KANSAS CITY, MO - SEPTEMBER 11: Quarterback Alex Smith
KANSAS CITY, MO - SEPTEMBER 11: Quarterback Alex Smith /

I purposely waited two days to write this column, because there was a need for pause. After watching the greatest comeback in Kansas City Chiefs history on Sunday, there was a rush of emotions. Some were imploring me to be furious that the game had been such a mess early, while other begged me to look past the early mistakes and be glad the team is 1-0.

Ultimately, when my mental stability returned, I was left feeling conflicted as many of you likely are. A few things are clear, though. Kansas City has to figure out what is wrong with its run defense, and defensive coordinator Bob Sutton needs to start bringing more exotic pressures to rush the quarterback. The former terrifies me, the latter I feel more confident about.
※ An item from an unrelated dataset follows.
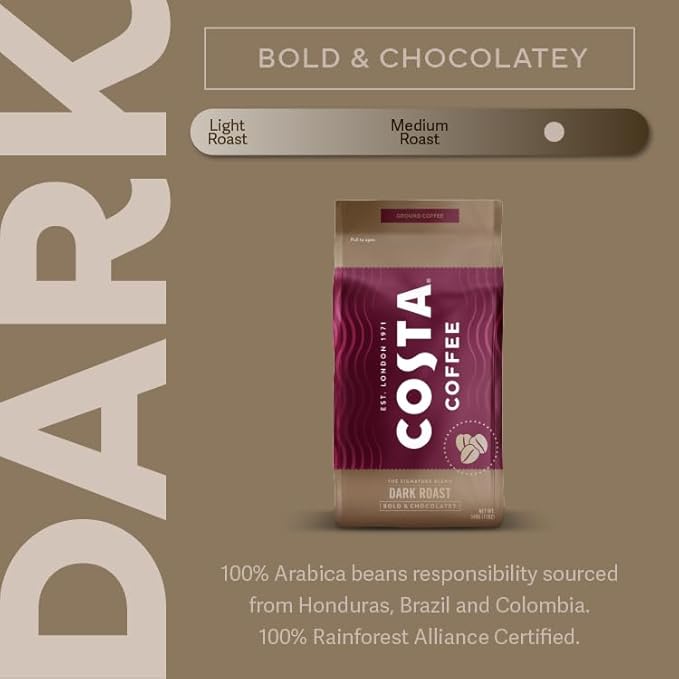 Costa Coffee Whole Bean Coffee, Signature Blend Dark Roast, 12oz each, Rainforest Alliance Certified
The Chiefs also showed they have a powerful offense. Say what you will about the San Diego Chargers and their defense, but any offensive unit that can amass a comeback like that without a turnover is impressive. In past years, there is no way that comeback happens with a defensive or special teams score.

Which leads me to my ultimate takeaway from this game. If the Chiefs can survive the next two months without Justin Houston, they might just be more dangerous than ever.

Kansas City has been correctly maligned in the Andy Reid era for horrific clock management. Alex Smith has constantly been talked about as too conservative by nature to come from behind in such a tremendous capacity. In Week 1, the Chiefs bucked both those trends in a major way.

It was unfathomable to think a team coached by Reid could be so well-oiled down the stretch. The Chiefs were cruising down the field without having to use 30 seconds off the play clock or even a timeout. Smith was in complete control at the line of scrimmage, and the offense moved with conviction and purpose.

This was something we all saw Kansas City be incapable of in the playoffs last year against the New England Patriots. It was crushing to watch. Perhaps all that talk about focusing on being better in the two-minute drill wasn’t just talk. When the Chiefs needed to put it into action, it looked as though they mastered the craft.

Kansas City has holes. The defense has to figure out its gap assignments and the pass rush must improve. The offense is considerably further ahead, but may still have a problem at left guard. It’s going to be a process.

All that said, the Chiefs are 1-0 and headed to Houston for a tough, but winnable, game. Why? Because they fixed fatal flaws from years past, and that’s something to celebrate.